The latest OPENAI AI models exceed the competitors of Google, Anthropic, Xai and Meta to keep their right facts, according to new rankings. The results show striking differences in “hallucination rate” or how often these AI models invent the details.
The results come from the classification of the Hughes Hallucination evaluation model of Vectara (HHEM), which measures the “report of the summaries which hallucinate” through the main models of languages. In head tests
How the best AI tools compare themselves when the facts count
Vectara’s HHEM ranking is based on a large -scale test designed to determine whether AI models can adhere to the facts when summarizing real press articles. Each AI model received the same set of short documents and noted the frequency to which its summaries included information that is not found in the original text.
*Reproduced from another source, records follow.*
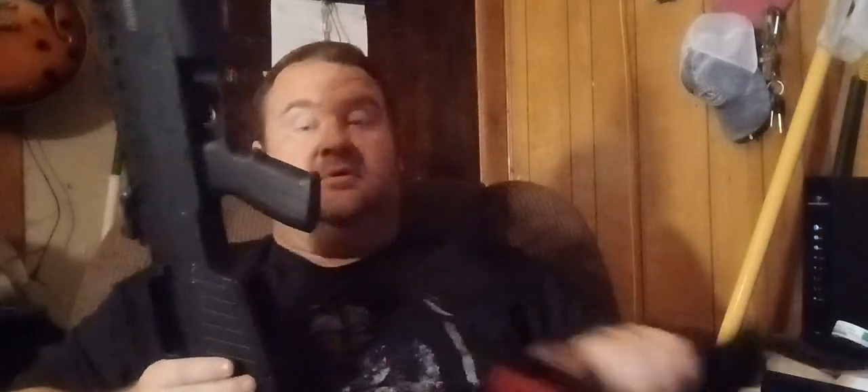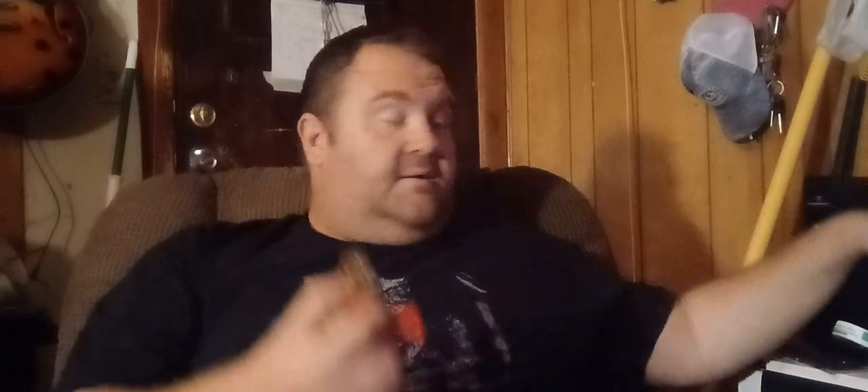Finger off the trigger. We'll go ahead and pull this up and out, lock it back, make it safe — we are clear. I'm setting it right on that lever, right on my chair. There were five rounds in the magazine and it makes no difference, because at that point you're not fighting the spring in the magazine anymore. You're fighting the bolt tension — the tension from the bolt spring. Which is exactly what you would be fighting if you had an empty mag.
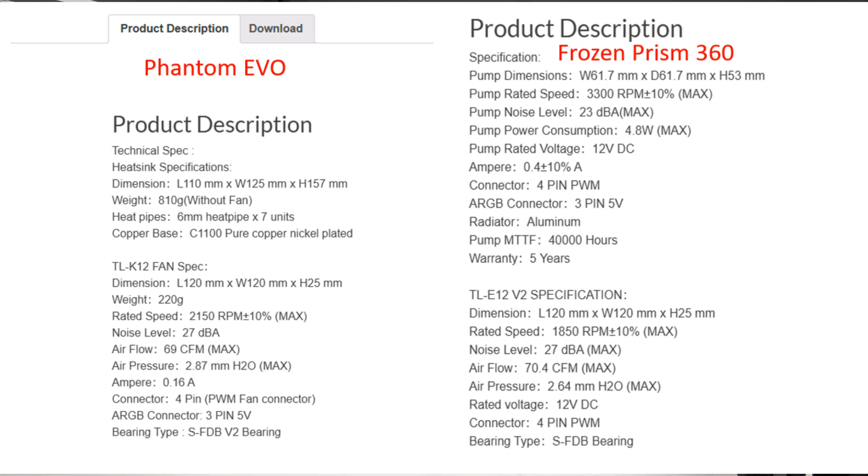Comparing these two since they are both Thermalright products — the Frozen Prism 360 uses an older generation fan with older bearings, whereas the Phantom Spirit Evo has the new generation of bearings. The Evo fans run a little higher at 2100–2150 RPM versus 1850 RPM. They come in at about the same noise level, with airflow of 69 CFM versus 70.4 CFM. Static air pressure is 2.87 on the Evo versus 2.64 on the AIO.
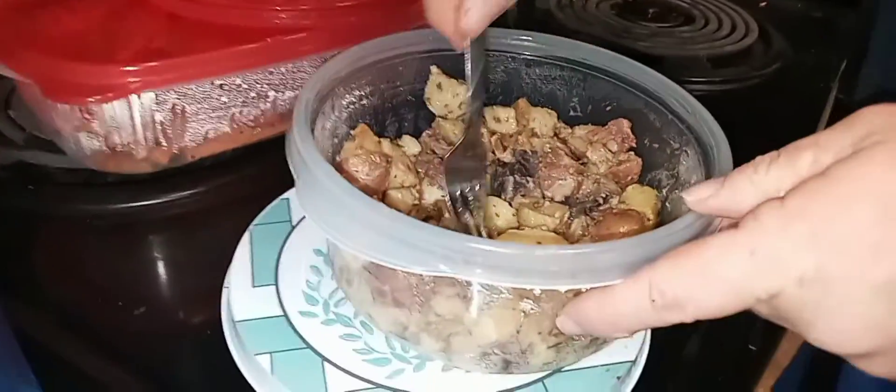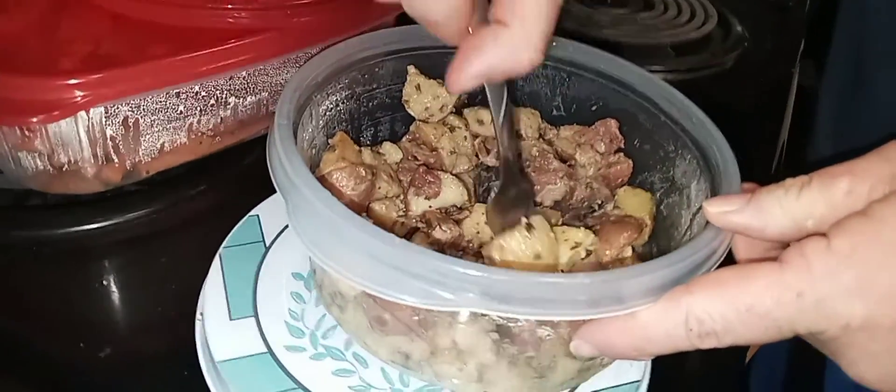And these potatoes here. Oh my gosh, these are very good. Mmm, wow, that's like the best scalloped potatoes I think I've ever had.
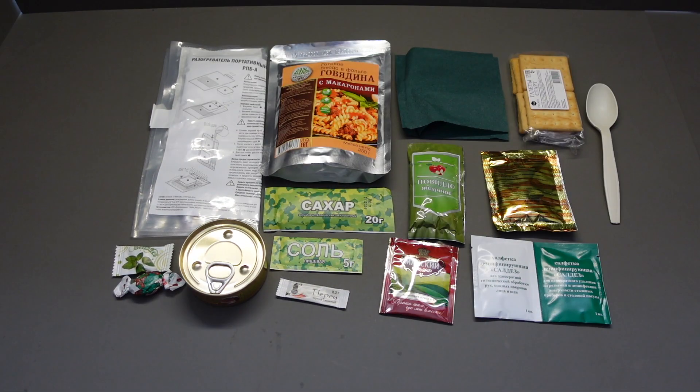That is everything. So this is our Russian Sturm ration — not a great deal of food. I've got one of the White Snow Mountain rations and if you compare this to that, it doesn't compare, to be fair. Let's get this onto a tray.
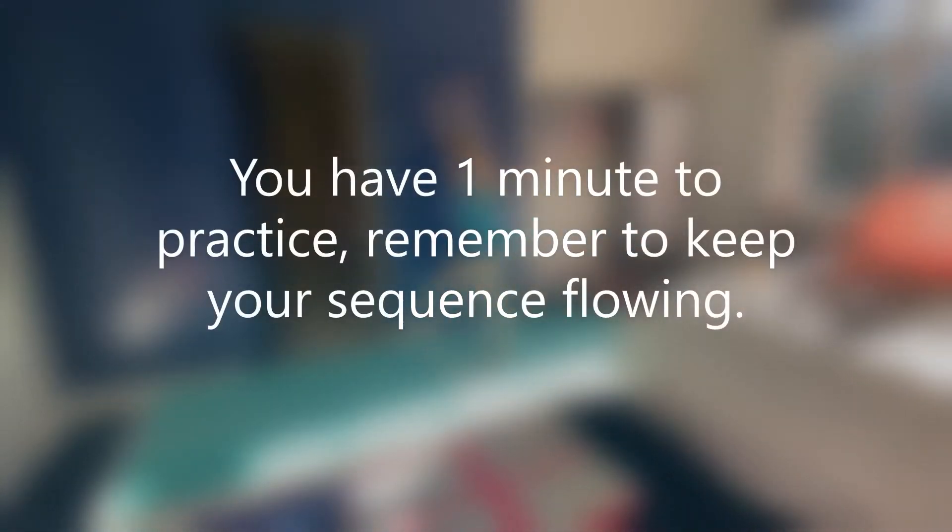One more minute to practice sequence number three. Remember to keep it flowing one skill to the next. Off you go.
The refusal rates have also been followed, capturing the frequency to which an AI model refused to respond. The conditions have remained identical to all levels, the results reveal which IA tools best manage the truth under the same pressure. Here’s how they played.
OPENAI
OPENAI holds five of the lowest hallucination rates in the ranking, with chatgpt-o3 mini at 0.795%, followed by Chatgpt-4.5, Chatgpt-5, Chatgpt-O1 mini and Chatgpt-4o all grouped around 1.2%to 1.49%.
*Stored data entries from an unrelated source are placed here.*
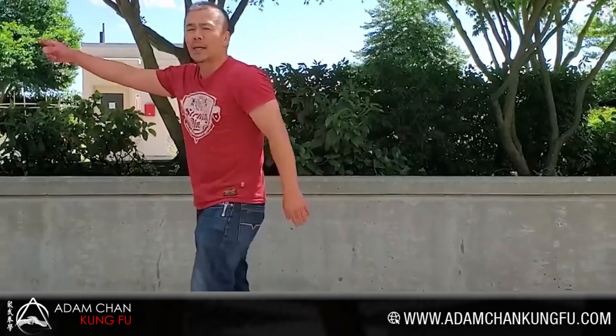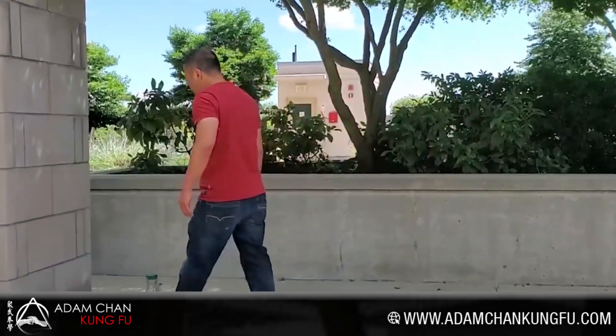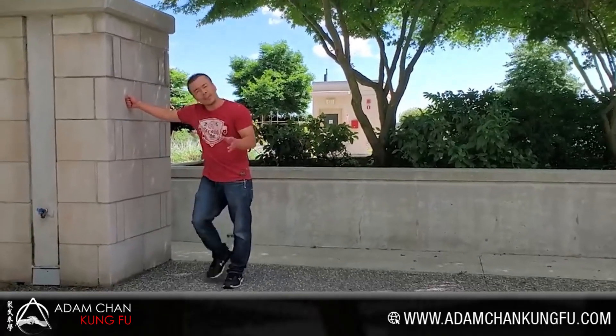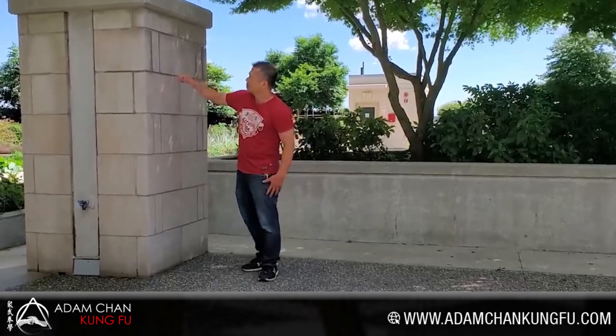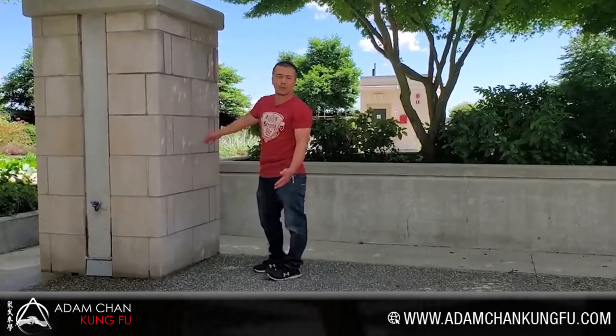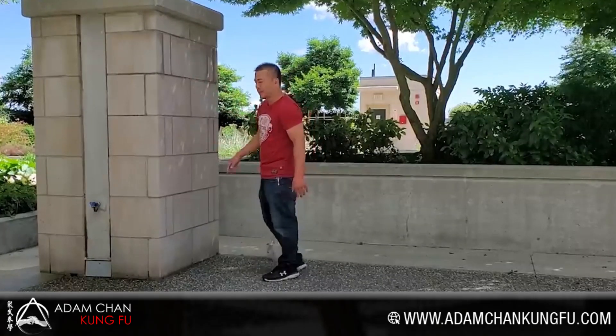And then you can start working on follow-ups. One of the things you can do when you're by yourself is you can use a wall. If you're by yourself at home and you have a wall to practice on, and you don't have a training partner or a wooden dummy, you can simply take chalk and draw a human — or take a piece of cardboard, take a magic marker, draw a human.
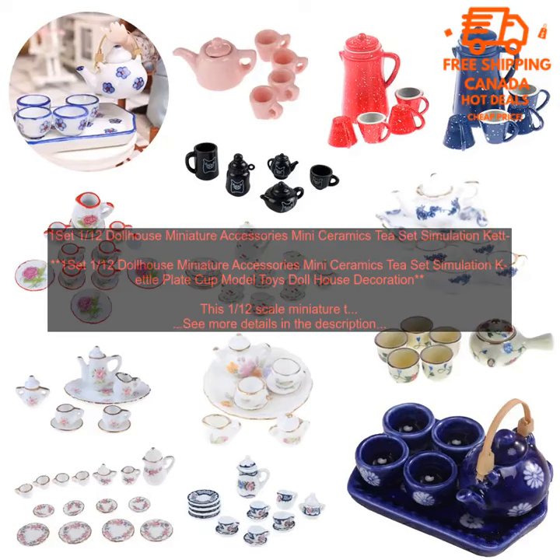Overall, this is a great 1/12th scale miniature tea set that is perfect for any dollhouse or miniature collection. It is made of high quality materials, has realistic details, and is educational. The tea set is also a great way to add a touch of realism to your dollhouse or to teach children about tea culture.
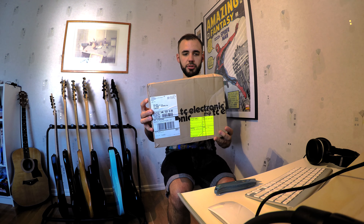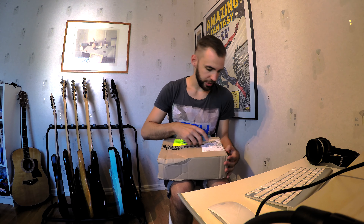Hey everyone! I got something in the mail today from TC Electronic, and as you can probably see, the ones who shipped this weren't so careful with the package, so to speak. I'm just hoping that everything's okay in here. Anyways, let's open this bad boy up and check it out.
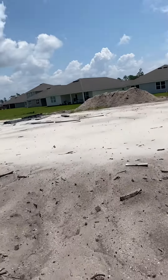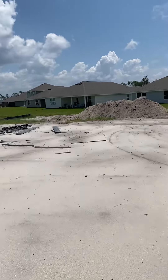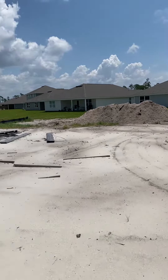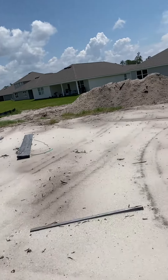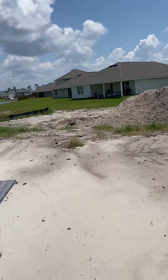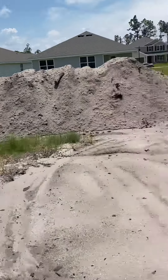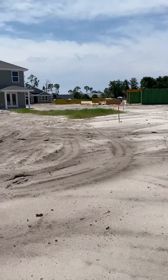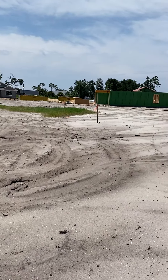It looks like it's going to be high in the front — I think the dirt work's already done. It's going to be a pretty level yard, so that marker right there should be your property line up front.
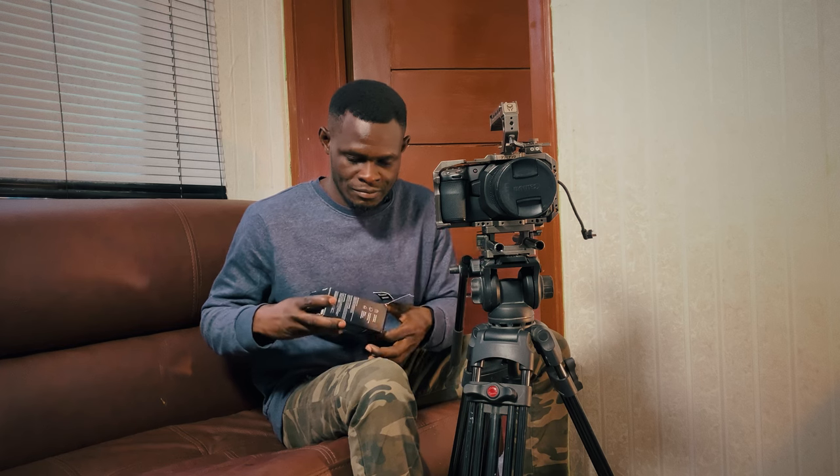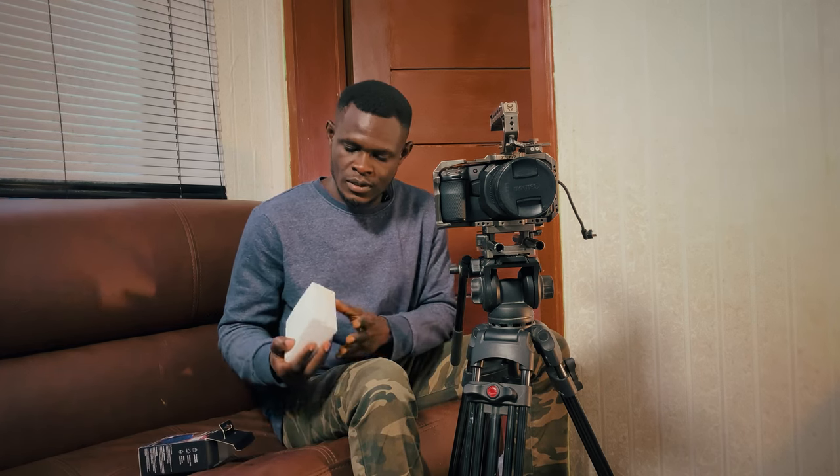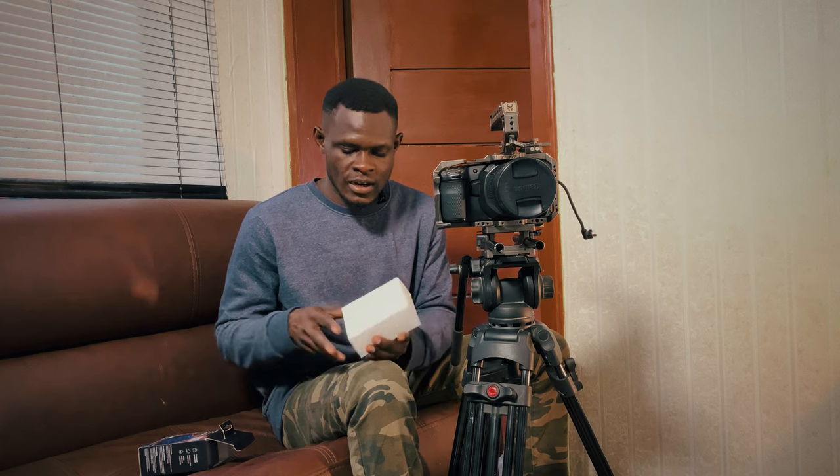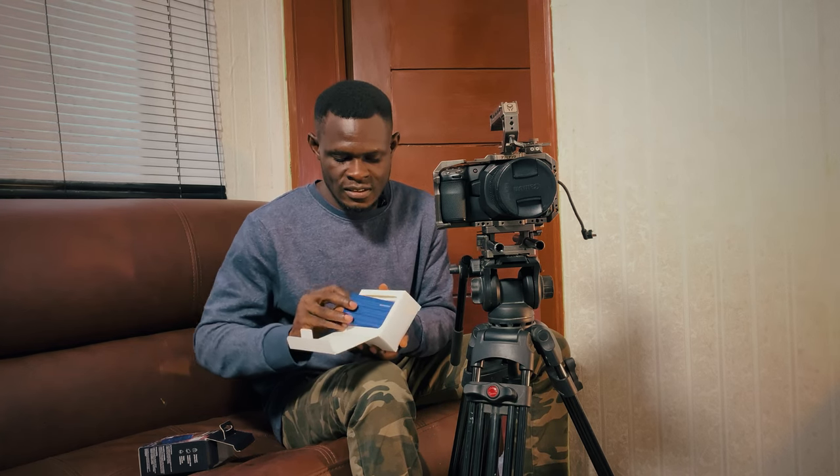It came in this pack. This is a T7 Shield.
That the Earth in fact made the beginning of Chatgpt-5 as default model A strong movement for the AI giant, until users grow back, Require the return of Chatppt-4o. CEO Sam Altman has given way, leaving subscribers more to choose their model.
But there is a compromise. Once free users have reached their GPT-5 limit, They went to Chatgpt-5 MiniA sharp drop in precision with a hallucination rate of 4.9% which is among the highest in the OpenAi range. This could mean a sudden slide in how much you can trust the answers you get.
GEMINI 2.5 PRO OPERVIEUR DE Google and Gemini 2.5 Flash Lite obtained a score respectively 2.6% and 2.9%. Not as low as Openai leaders, but always clear of the most risky models. Pro Preview replaced Gemini 2.5 PRO experimental now retired, which had formerly displayed one of the lowest scores on the board of directors at 1.1%.
Anthropic
New anthropic models, Close work 4.1 And Claude Sonnet 4, post-ha a hallucination rate of 4.2% and 4.5%. These scores place the two models among the most subject models to the errors of the Board of Directors, well behind leaders such as Chatgpt and Gemini.
Meta
Meta’s Llama 4 Maverick and Llama 4 Scout had hallucination rates of 4.6% and 4.7%, putting them in the same stage as the last models of Claude and outside the group of the most precise artists in the table.
Xai
Grok 4 displays a high hallucination rate of 4.8%, placing it among the least precise models in the ranking. Elon Musk promoted the newly released model Like “more intelligently than all graduate students, in all disciplines”, highlighting his score of 26.9% on the last examination of humanity.
The chatbot is also confronted Criticism for harmful And inappropriate outings. This combination of a high error rate and current content problems could make Grok a risky choice for invoice responses.
Keep track of the truth in the AI era
When the AI is wrong, it may seem well. And when these invented details pass after the facts unnoticed, folding facts and distributing disinformation, this can lead to serious risks in fields such as health, law, finance and politics. This is why the current and transparent tests are more important than ever.
Vectara’s HHEM ranking is updated with each change of model, following in real time that the AIS improve and which are late. While these systems are learning from research, messaging and everyday tools, knowing which model of AI remains closest to the truth is to know what to trust.
In our Take a closer look at the Openai GPT-5We focus on the references and guidelines related to the health of the AI model.